Kentucky clerk offers a few ways to get out of jail and refuse marriage licenses to gays
Attorneys representing Rowan County Clerk Kim Davis, jailed for refusing to heed a judge’s order and issue marriage licenses to same-sex couples because of her religious opposition, asked a federal appeals court on Monday to free her and force the governor of Kentucky to make accommodations for her Christian beliefs.
The emergency motion to the U.S. 6th Circuit Court of Appeals came as Davis spent her fifth day in jail as ordered by federal District Judge David L. Bunning, who found her in contempt on Thursday. Lawyers for Davis have already appealed the contempt order.
On Monday, the lawyers argued that Gov. Steve Beshear failed to accommodate Davis’ religious beliefs by refusing to take steps that would allow her name and title to be removed from the licenses. Also, attorneys asked that the state rather than the county issue the marriage licenses so that Davis would not have to deny same-sex couples. Bunning has already rejected a similar request.
“The governor’s refusal to take elementary steps to protect religious liberties has now landed Kim Davis in jail,” her lawyer Mat Staver said in a statement. “As a prisoner of her conscience, Davis continues to request a simple accommodation and exemption from the governor.”
How to get Davis out of jail without her having to recant has become a thorny situation as fundamentalist Christians and some Republican presidential candidates have rushed to her defense. Mike Huckabee, a Baptist minister and former governor of Arkansas, has scheduled a support rally for Davis on Tuesday in Kentucky.
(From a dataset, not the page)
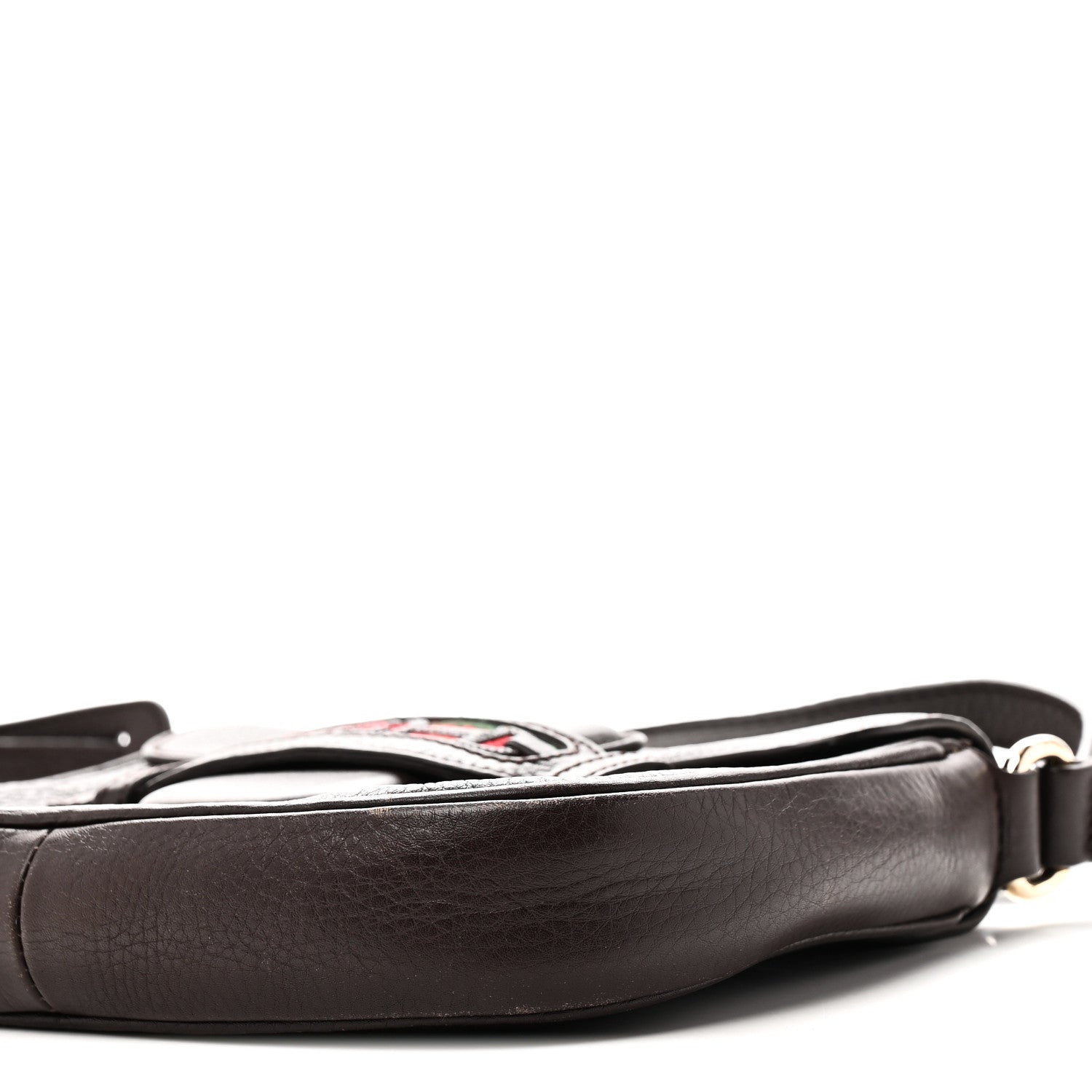 Gucci Pebbled Calfskin Web Small Dressage Shoulder Bag Dark Brown 10 of 10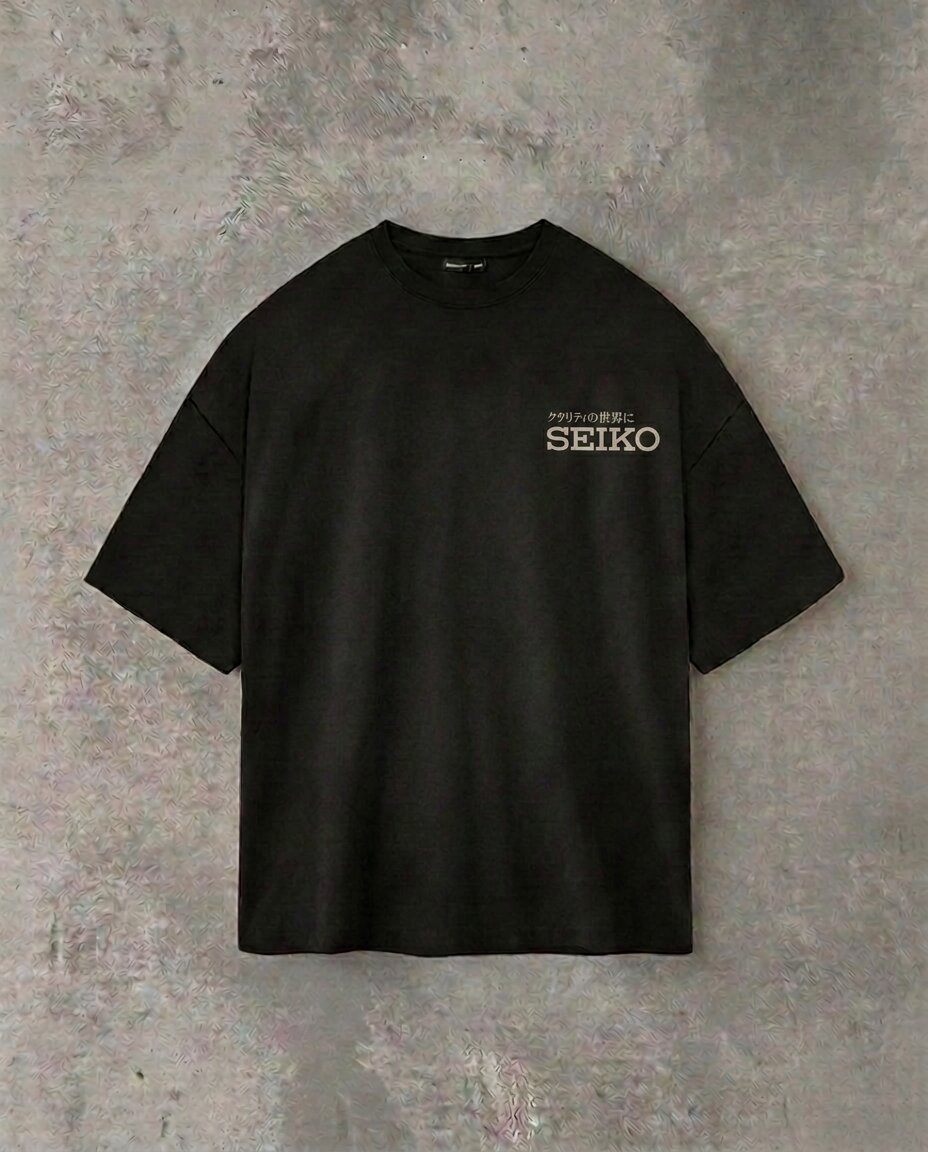 Seiko Classic Double Sided | Black Tee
The couples who sued her had requested fines, not jail time.
Davis has repeatedly argued that her fundamentalist Christian views against gay marriage prevent her from signing or even having her name on marriage licenses requested by gay couples.
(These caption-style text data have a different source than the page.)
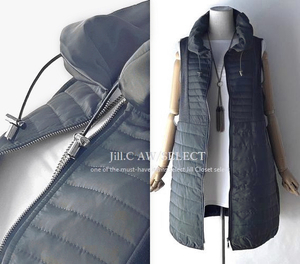 Jill.C［新品］ 送料185円 伸縮◎ 薄中綿キルト＆裏シャギー*調整コード付*重着レイヤード*フロントジッパー*ロングベスト3664.charcoal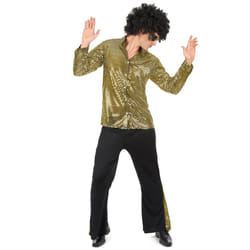 Men's gold glitter disco costume - Medium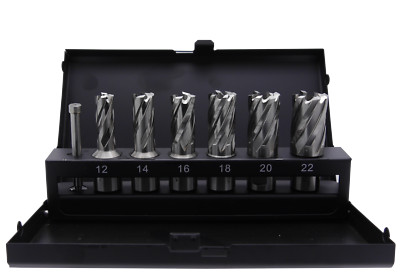 HSS-E Kernbohrer 7tlg Set Weldon 19 mm 12, 14, 16, 18, 20, 22 mm + Zentrierstift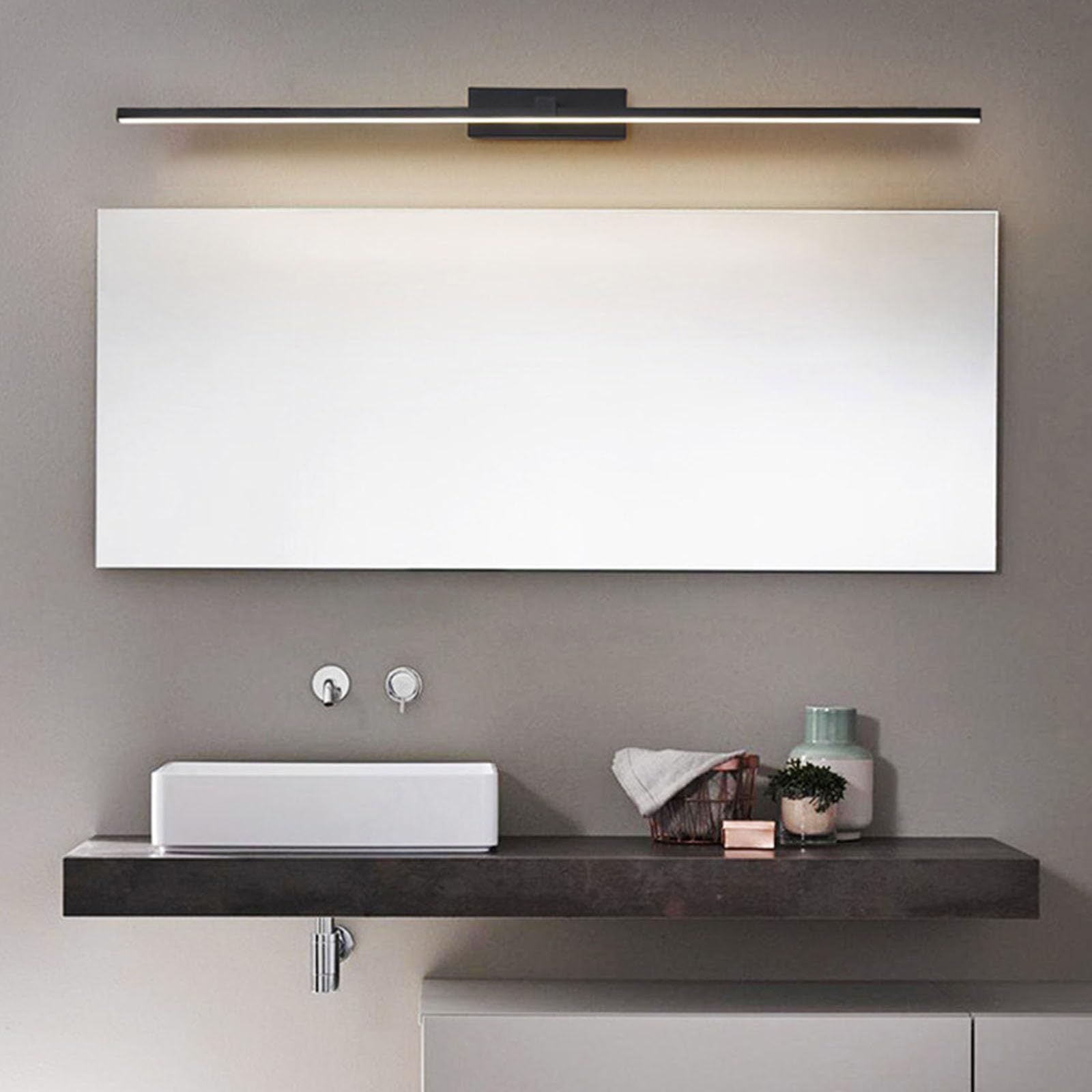 Innen Spiegellampen für Das Bad Wasserdicht Wandbeleuchtung Metall Moderne LED Wandleuchte Rechteck Aluminium Hintergrund Wandlampe FüR Schrank Badezimmer Leseleuchte (Schwarz + Warmes Licht,100cm)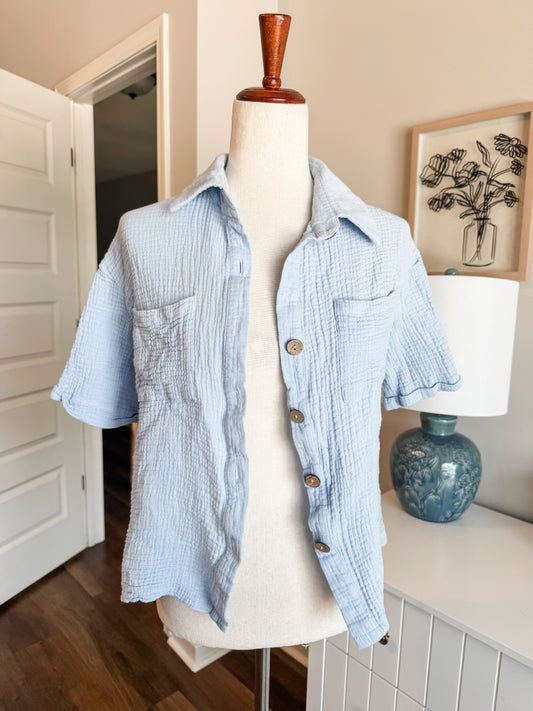 Blue Gauze Button Up S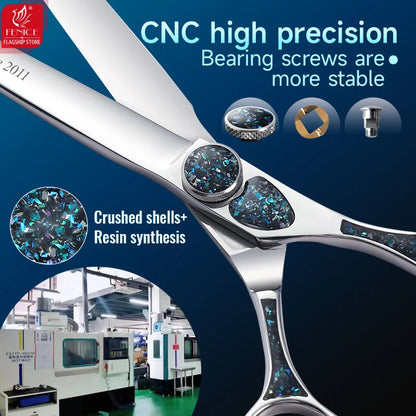 Fenice King Series 7/7.5Inch VG10 Shell Bearing Screws Dog Trimming Grooming Straight Curved Thinner Chunker Pet Scissors Tools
Kentucky law requires marriage licenses be issued under the authority of a named and elected county clerk. Beshear has said the dispute is between Davis and the federal courts, and he has refused to get involved.
“The Legislature has placed the authority to issue marriage licenses squarely on county clerks by statute, and I have no legal authority to relieve them of their statutory duty by executive order,” Beshear said in a statement issued after Bunning found Davis in contempt.
“The General Assembly will convene in just four months and can make any statutory changes it deems necessary at that time,” the governor said. “I see no need to spend hundreds of thousands of dollars of taxpayers’ money calling a special session of the General Assembly when 117 of 120 county clerks are doing their jobs.”
None of the other clerks who have stopped issuing marriage licenses have been sued, making Davis the test case in Kentucky. In other states such as Texas where clerks objected to same-sex marriage, other office personnel issued the licenses so that the rights of same-sex couples would not be violated.
Davis stopped issuing all marriage licenses the day after the U.S. Supreme Court in June held that same-sex couples have a constitutional right to marry. Two gay and two straight couples sued Davis and Bunning ordered her to issue the licenses. The U.S. Supreme Court upheld his ruling last week.
But Davis still refused to issue the licenses, leading to Bunning’s contempt finding. Five of her deputy clerks agreed to follow the judge’s order and issued marriage licenses to three gay couples Friday. Davis contends those documents are invalid because she didn’t authorize them.
Bunning has indicated that Davis could spend at least a week in jail, but contempt sentences are open-ended and depend on whether Davis says she will obey the judge. Bunning had offered to release Davis from jail if she promised not to interfere with her deputy clerks, but Davis refused.
Her lawyers filed an appeal of the contempt order Sunday, arguing that Davis’ due process was violated by her being ordered to jail.
“I doubt that the appellate judges will be persuaded that Judge Bunning failed to accord Davis due process, as he gave her plenty of notice and allowed her to speak fully in open court,” Carl Tobias, a professor at the University of Richmond School of law, said Monday. Tobias has been closely following the same-sex marriage battles in recent years.
“Those judges are also unlikely to find that the sanction imposed was too harsh, as she had notice of what he might do and district judges have broad discretion in imposing sanctions for clear violations of court order,” he said.